Check DF size after transformations (32.8 Mb before)

In [None]:
size_of_df(data)

In [None]:
data_info(data, True)

In [None]:
data.is_canceled.value_counts()

In [None]:
print(f"We have {round(data.is_canceled.value_counts()[1]/len(data.is_canceled)*100, 2)}% cancels in summary")

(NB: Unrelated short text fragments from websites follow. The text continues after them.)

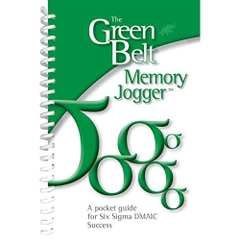 The Green Belt Memory Jogger: The Green Belt Memory Jogger: A Pocket Guide for Six SIGMA DMAIC Success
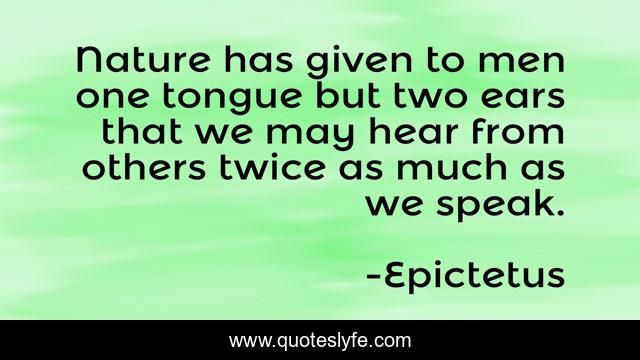 Nature has given to men one tongue but two ears that we may hear from others twice as much as we speak.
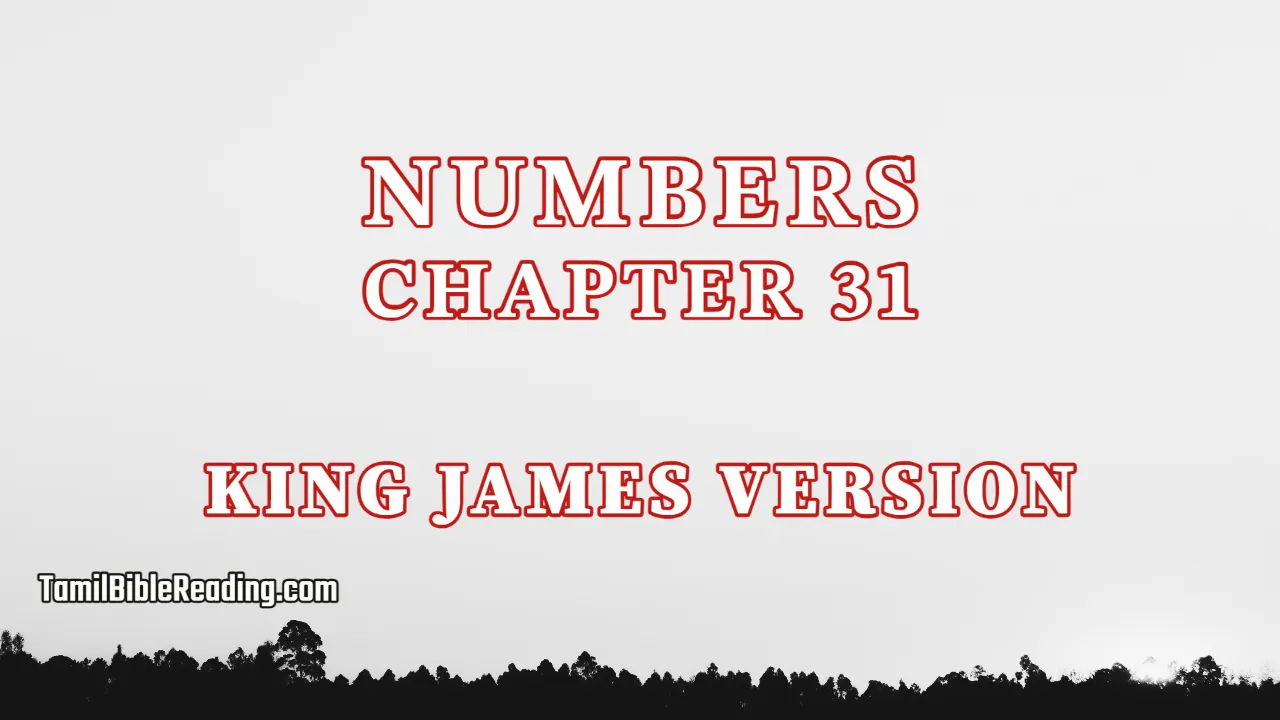 Numbers Chapter 31, English Bible KJV, tamil bible reading, Bible Reading,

Let's check the relationships between "is_cancelled" and other variables

In [None]:
columns_for_visual = data.nunique()[data.nunique()<10].drop(["is_canceled"]).index
fig = plt.figure(figsize=(17,15))
for index, col in enumerate(columns_for_visual):
    ax = fig.add_subplot(4, 3, index+1)
    ax.set_title(col,fontsize=15)
    ax.tick_params(labelrotation=20)
    sns.countplot(data[col], hue=data.is_canceled, ax=ax, palette="mako")
plt.tight_layout(pad=3);

We can see some intresting columns - "hotel", "market_segment", "is_repeated_guest", "deposit_type", "customer_type", "total_of_special_requests"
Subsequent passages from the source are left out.